Now, this equals what we statisticians call supervised statistical learning. It is supervised because the target is known, at least in the process of learning. The integration process of Polyani parallels the estimation of some model f(X) which connects the distal part to the proximal part, like
Y = f(X) + e
(The term e is the noise term summing up the variation in the response, which can’t be explained by the model.)
Some may now object by saying that the integrated proximal part in statistical learning, the estimated model, is not tacit because the model is chosen subjectively by the statistician. The statistician thus has detailed information about the model, and perfectly knows how the input is connected to the response. This does not sound very tacit!
No, but there is a special class of algorithmic statistical models in supervised learning which does fit into the tacit dimension, and, in fact, the models are inspired by our brain network. They are known as artificial neural networks (ANN).
The model f(X) of an ANN is not completely defined by the data analyst. As shown in the Figure, the algorithm assumes one or multiple layers of “neurons” connecting the input variables X with the response Y. One or several hidden layers of neurons are connected to X and Y and each connection is a linear or non-linear mapping of information with parameters trained from data in such a way that the distal part Y is approximated as close as possible. The first hidden layer may for instance summarize simple patterns observed in X, which are further categorized in the second layer, and so on. In this way an AAN may be used to model highly non-linear and complex output features.
The training of the neural connections is to a large extent left to the computer, and the resulting models may be quite complex, and the ANN models have been criticized for being too much of a black box and difficult to understand… Exactly! What goes on in the model is hidden, it is tacit!
The tacit dimension of our brain is probably quite similar. After all, the artificial neural networks are inspired by the biological neural networks… The neural networks may be trained to connect a set of perceived inputs to a target output in a way which is hidden to us and buried in our unconsciousness. Beneath our consciousness our brains perform multivariate, statistical AND tacit modelling, and recent research has indicated that the cerebellum may play a key role in unconscious integration of inputs and facts, like I wrote about in a previous post “Google pedagogics”.

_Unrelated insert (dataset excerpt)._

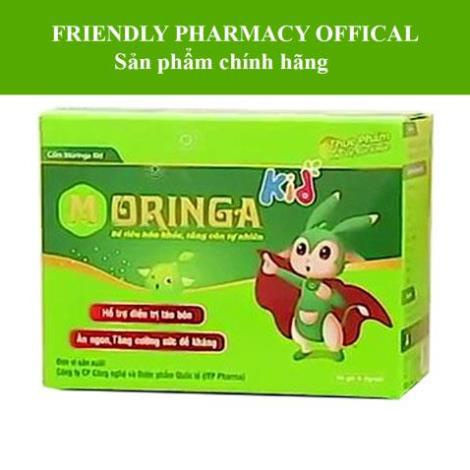 Moringa Kid - Giúp hỗ trợ ổn định tiêu hóa, kích thích ăn ngon, giảm táo bón, nâng cao sức đề kháng (20 gói)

The artificial neural networks are as mentioned highly flexible, and there is always a risk of over-fitting the model, that is, the model fits the observed outputs of the training data too well, and the model is likely trying to explain noise in the response. This reduces the predictive performance of the model for new observations, and in order to reduce this problem it is customary to “prune” the networks by removing some “weak” connections in order to make is less complex and less vulnerable to random fluctuations in the response. As I wrote in my previous post new theories about the effect of sleeping suggest that there is natural pruning going on in our brain during the NREM phase of our sleep. Hence, it appears that our brain is also fine-tuning our tacit knowledge during sleep, making it for efficient for later use.
So, to sum it all up, our brain appears to have the ability to use its biological neural network to integrate proximal information into a flexible model which can be used to understand or predict a distal target or response, and sometimes this is a completely unconscious and tacit process.
All our brain lets us know… is that we know…!
Polyani, M. (1966). The tacit dimension. Doubleday, N.Y. US.